Under Release 10 of the LTE specifications, this problem can be solved by switching from a DMRS-based transmission method to CRS-based beam forming methods. This switching is accomplished through the use of Radio Resource Control (RRC) signaling sent to the mobile terminal to indicate which transmission mode to use, CRS-based or DMRS based. Details may be found in 3GPP TS 36.331, available at www.3gpp.org. Alternatively, the system may automatically fall back to a transmit diversity (TxDiv) scheme if the terminal is configured with no precoder feedback. CRS-based channel estimation is then used by the mobile terminal for demodulating data, which is transmitted to the mobile terminal using the TxDiv or large Cyclic Delay Diversity (CDD) approaches, which are both well-known in the art and described in 3GPP TS 36.211 and 3GPP TS 36.213.

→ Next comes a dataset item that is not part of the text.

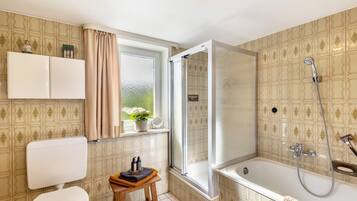Een douche, een haardroger, handdoeken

However, these approaches to handling unreliable channel state information cannot be used effectively with a lean carrier, since no CRS is present in a majority of the downlink subframes. One possible solution to this problem is to simply turn on all CRS in a cell if it becomes known that the channel state information for a single mobile terminal is unreliable or unavailable. Clearly it will not be energy efficient to turn on the CRS to solve occasional problems with unreliable or non-existent precoder information for a single mobile terminal. Further, a solution based on turning on and off the CRS would require signaling to all UEs in the cell, to notify them of this CRS reconfiguration.
Hence, there is a need for improved techniques for managing DMRS-based and CRS-based transmissions in the event that reliable precoder information is unavailable, especially when techniques like lean carrier are used.